• _INSTRUCTIONS FOR THE TASK_
Return the entries below verbatim. Pictures stay out.

• _GIVEN RECORDS_
[Start of section]

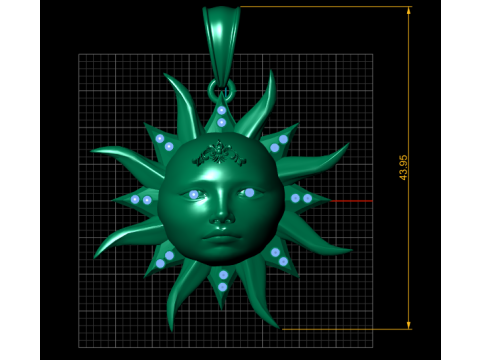3D Printable Sun Face Pendant Modello di stampa 3D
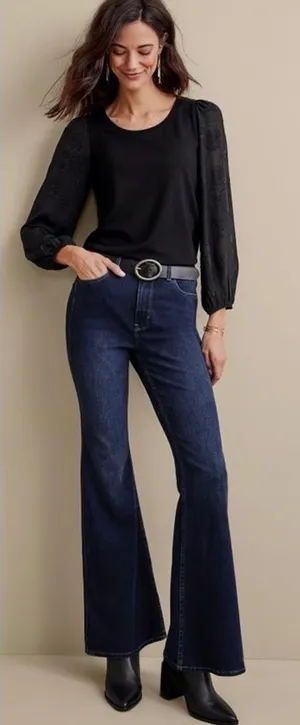 Soft Surroundings‎ Womens High Rise Flare Leg Jeans Dark Wash Blue Size 10 thumbnail 1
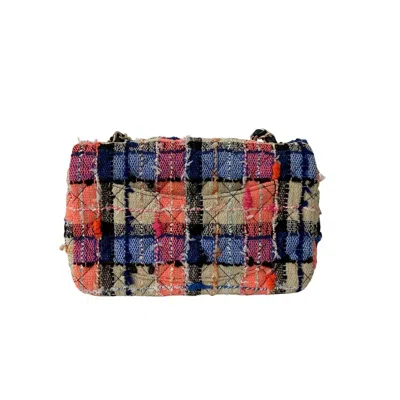 Pre-owned Chanel Beige Black Blue Navy Pink Gold Tweed Leather Shoulder Bag ()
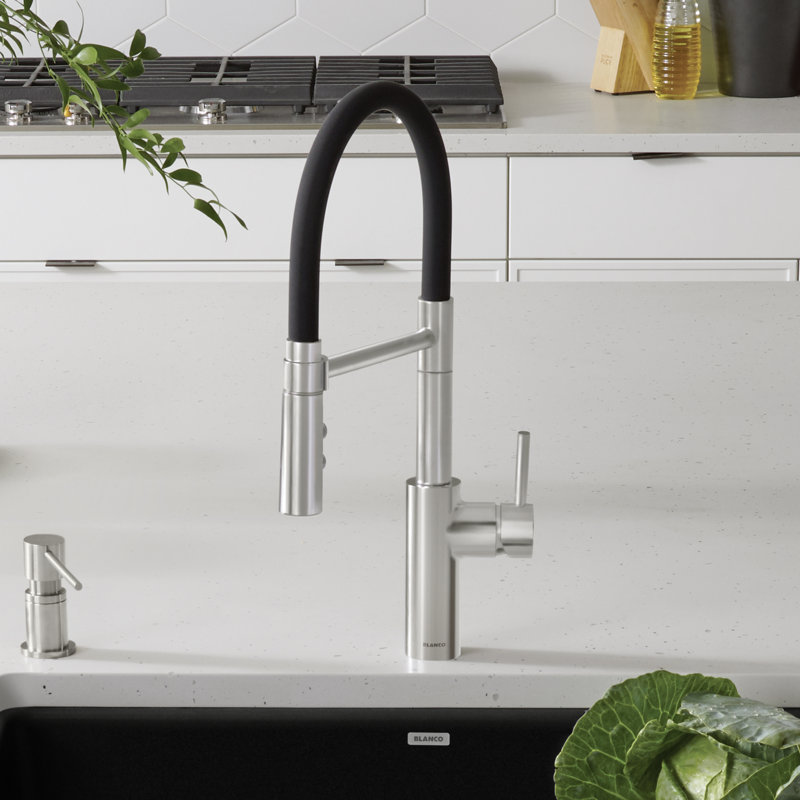 Catris Flexo Semi-Pro Pull-Down Dual-Spray Kitchen Faucet, PVD Steel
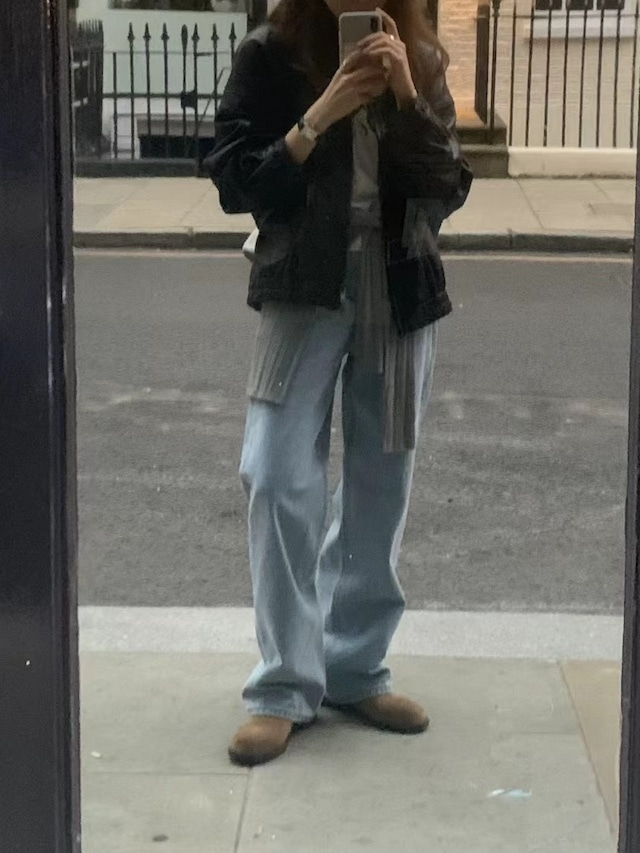 (即納) ounce / Row middle boots Black 23.0(36)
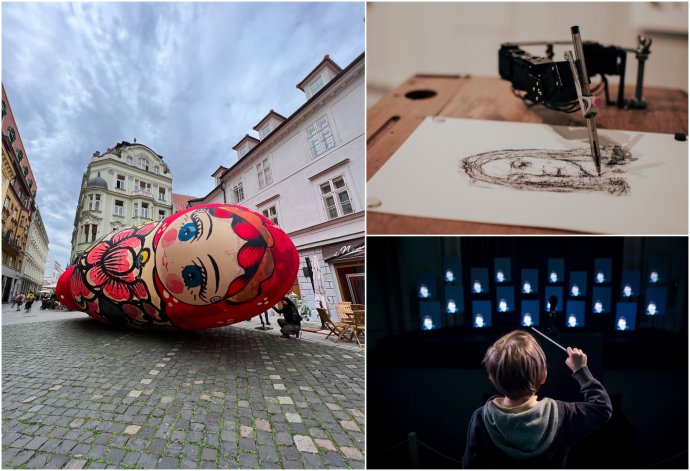 Diela aktuálnej Bielej noci: Masha Mareka Kvetana, kresliace roboty Patricka Tresseta a interaktívna inštalácia belgického štúdia Superbe. Foto - BN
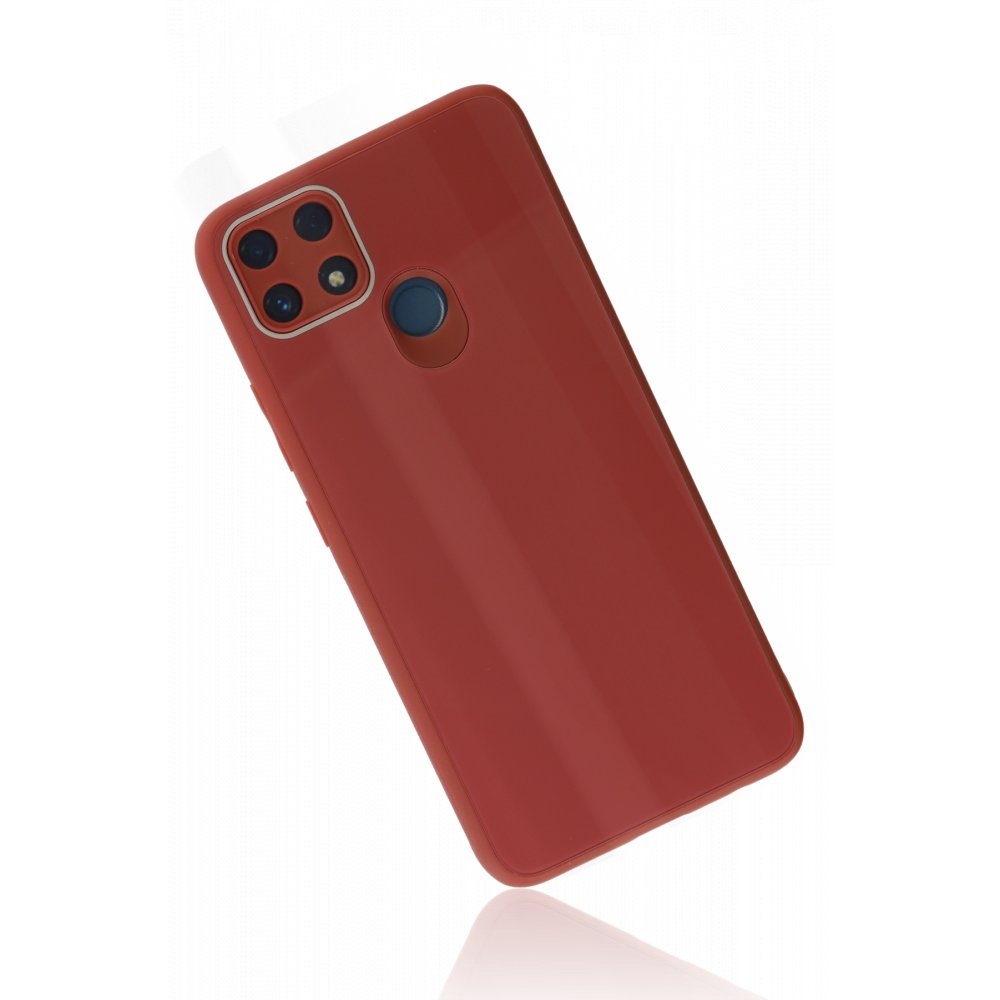 Realme C25 Kılıf Glass Kapak - Bordo Realme C25 Kılıf Glass Kapak - Bordo
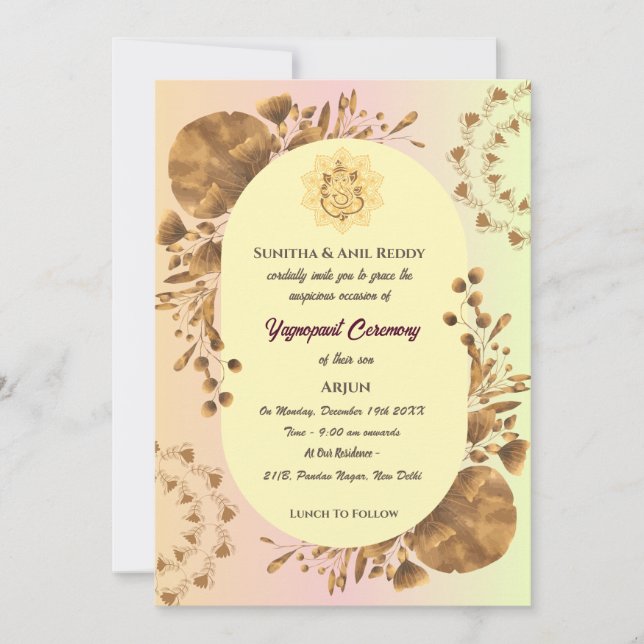 Yagnopavit  Upanayanam Hindu Thread Janeu Ceremony Invitation (Front)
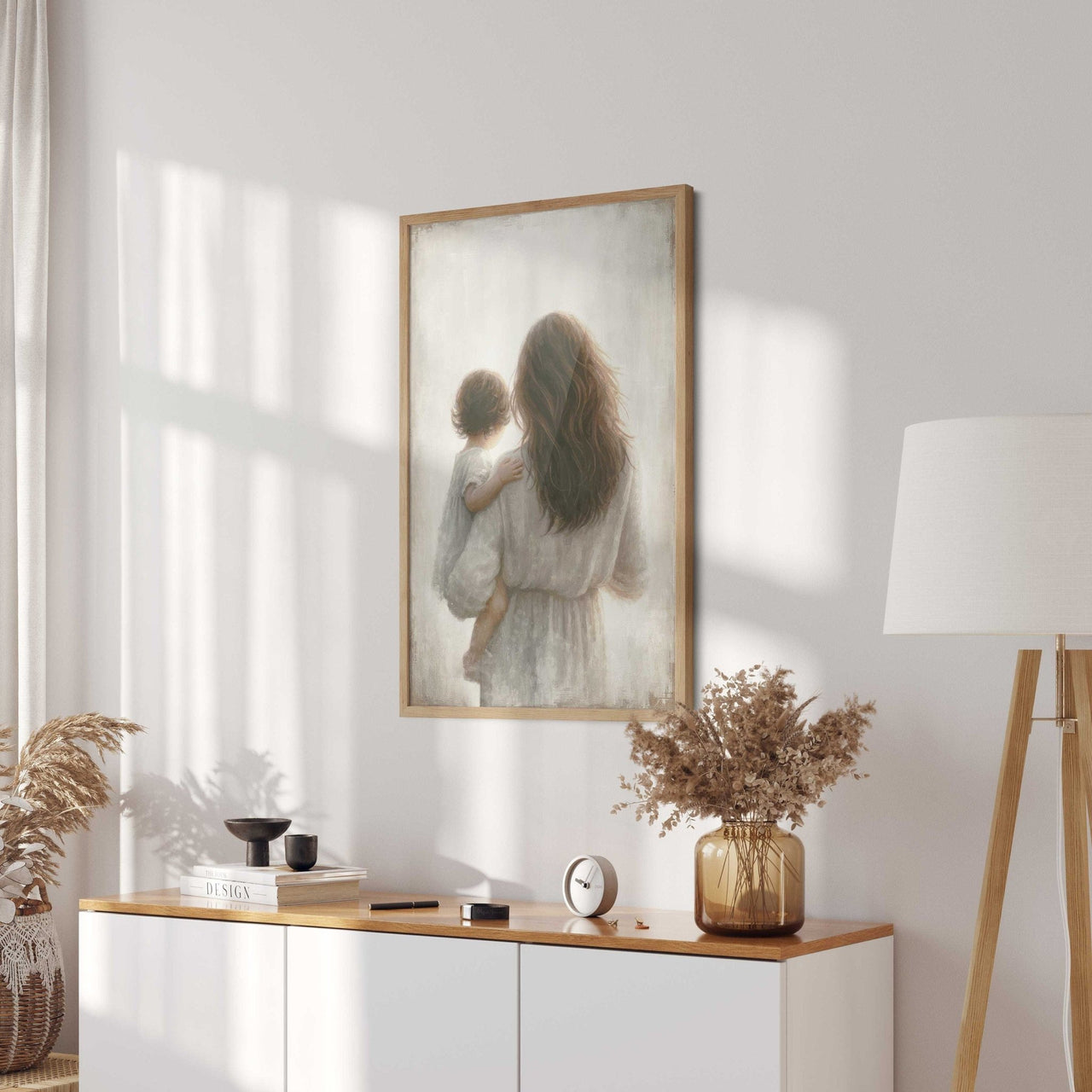 Mother - Daughter Embrace Wall Art – Family Living Room Print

[End of section]

• _OUTPUT OF THE TASK_
3D Printable Sun Face Pendant Modello di stampa 3D
 Soft Surroundings‎ Womens High Rise Flare Leg Jeans Dark Wash Blue Size 10 thumbnail 1
 Pre-owned Chanel Beige Black Blue Navy Pink Gold Tweed Leather Shoulder Bag ()
 Catris Flexo Semi-Pro Pull-Down Dual-Spray Kitchen Faucet, PVD Steel
 (即納) ounce / Row middle boots Black 23.0(36)
 Diela aktuálnej Bielej noci: Masha Mareka Kvetana, kresliace roboty Patricka Tresseta a interaktívna inštalácia belgického štúdia Superbe. Foto - BN
 Realme C25 Kılıf Glass Kapak - Bordo Realme C25 Kılıf Glass Kapak - Bordo
 Yagnopavit  Upanayanam Hindu Thread Janeu Ceremony Invitation (Front)
 Mother - Daughter Embrace Wall Art – Family Living Room Print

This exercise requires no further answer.